The first all-electric Aston Martin will come to market in 2018, thanks to a curious partnership with a major Chinese media and tech company. LeEco, the Chinese outfit formerly known as Letv, will help develop the battery and powertrain systems for the upcoming Aston Martin RapidE.
Aston Martin hopes to reach a new contingent of high-end luxury customers as a result of the collaboration, particularly in China. A production version of the all-electric RapideE concept (pictured), based on the Aston Martin Rapide S luxury sedan, will also help Aston Martin meet stricter emissions standards. The upcoming Aston Martin DBX crossover also uses an all-electric powertrain.
CEO Andy Palmer had previously told AUTOMOBILE that the RapidE would be developed with the guidance of the U.K.’s Williams Advanced Engineering and built at Aston Martin’s Gaydon facility in England.
Earlier reports suggested the Aston Martin RapidE could pack as much as 1,000 hp from a quartet of electric motors, one positioned at each wheel. It is said to combining torque vectoring, and regenerative braking, while providing a total range competitive with the Tesla Model S’ 275 miles. Palmer has said he hopes to build 400 units per year at around £200,000 a pop, with 100 of those units bound for China.
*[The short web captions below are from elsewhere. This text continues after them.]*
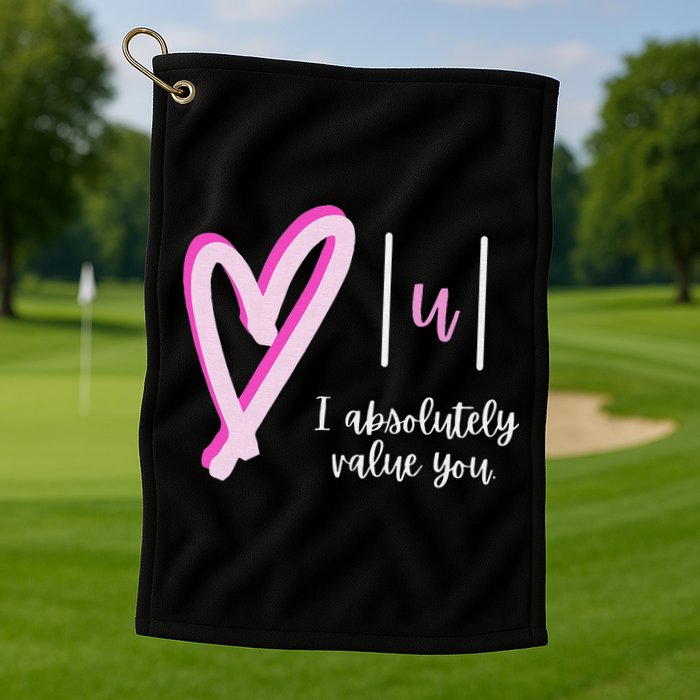 Math I Absolutely Value You Valentine's Day Math Teacher Golf Towel
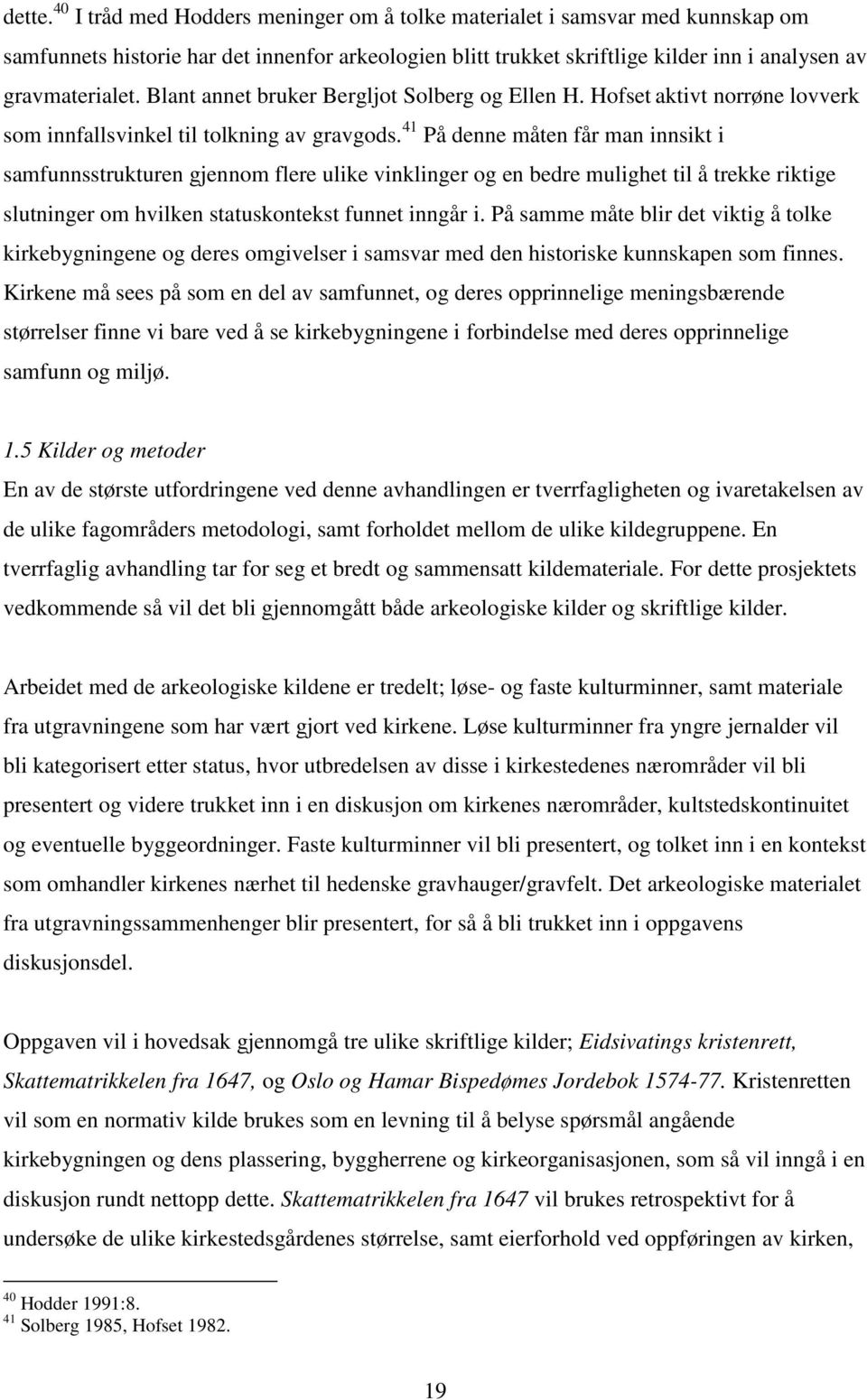 41 På denne måten får man innsikt i samfunnsstrukturen gjennom flere ulike vinklinger og en bedre mulighet til å trekke riktige slutninger om hvilken statuskontekst funnet inngår i.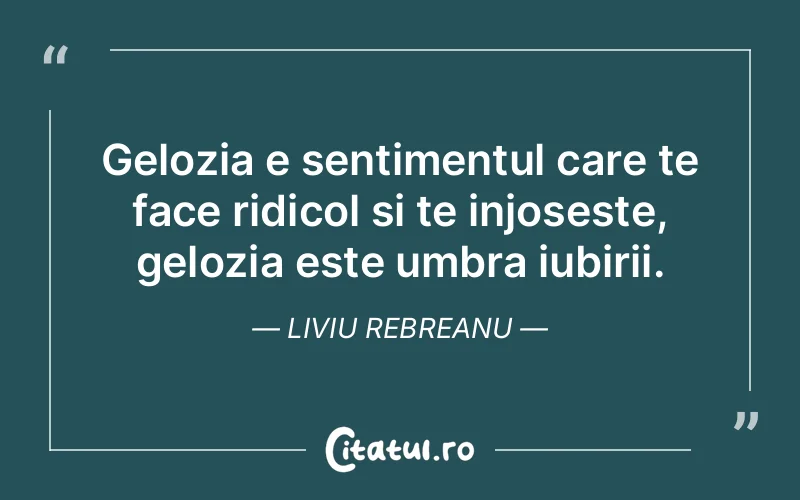 Gelozia e sentimentul care te face ridicol si te injoseste, gelozia este umbra iubirii. Liviu Rebreanu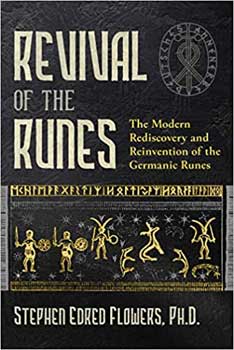 Revival of the Runes by Stephen Edred Flowers - Click Image to Close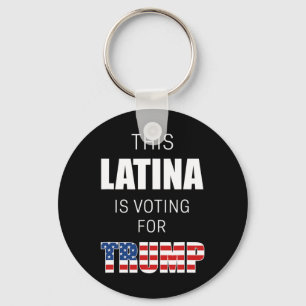 For Trump 2020 Election President Hispanic Women Key Ring
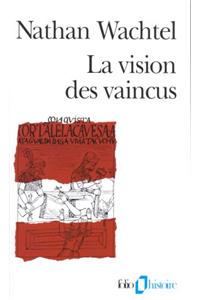 Vision Des Vaincus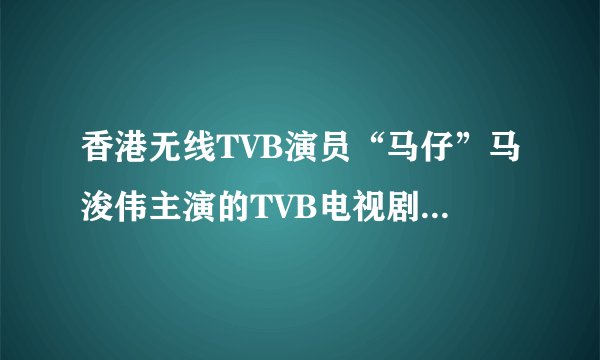香港无线TVB演员“马仔”马浚伟主演的TVB电视剧有那些？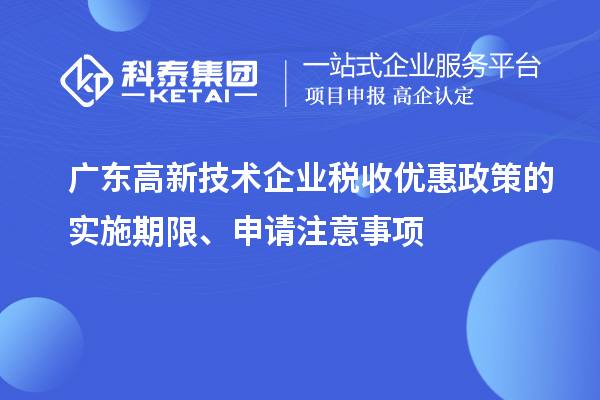 廣東高新技術(shù)企業(yè)稅收優(yōu)惠政策的實施期限、申請注意事項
According to Aston Martin’s announcement, the joint venture with LeEco could also yield a wider range of advanced, connected electric vehicles.
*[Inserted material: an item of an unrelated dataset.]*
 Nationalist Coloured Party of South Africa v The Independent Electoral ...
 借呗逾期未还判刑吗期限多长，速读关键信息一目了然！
Faraday Future, the American start-up which made waves with an outlandish concept at this year’s Consumer Electronics Show, is another possible beneficiary of the partnership. LeEco is a primary investor in Faraday Future, which plans to build its cars on a modular platform designed specifically for electric vehicles.
Aston Martin’s collaboration with LeEco is just one example of automakers and tech companies growing ever chummier. Tech companies are looking to expand their footprint from traditional consumer electronics, and car companies are competing to provide the latest in infotainment and connectivity services to their customers. Ding Lei, who heads up LeEco’s auto initiatives, is a veteran of the automotive industry with past experience at Volkswagen and General Motors Shanghai.
Aston Martin first partnered with LeEco (then called Letv) in April 2015. Letv agreed to provide in-car entertainment systems for new Aston Martin cars. In December 2015, the two companies announced a research partnership working to develop connected-car technologies and manufacturing consulting for electric vehicles.
Most recently at CES in January, Aston Martin introduced a special Rapide S concept Letv in-car connectivity, including its Internet of the Vehicle (IOV) technology. It features a new center touch screen, digital instrument cluster, speech recognition system, remote monitoring, and Wi-FI connection. Of the partnership, Palmer said in a statement that “The integration of Letv advanced connected technologies into this bespoke environment is a natural progression as we look to the future demands of our consumers.”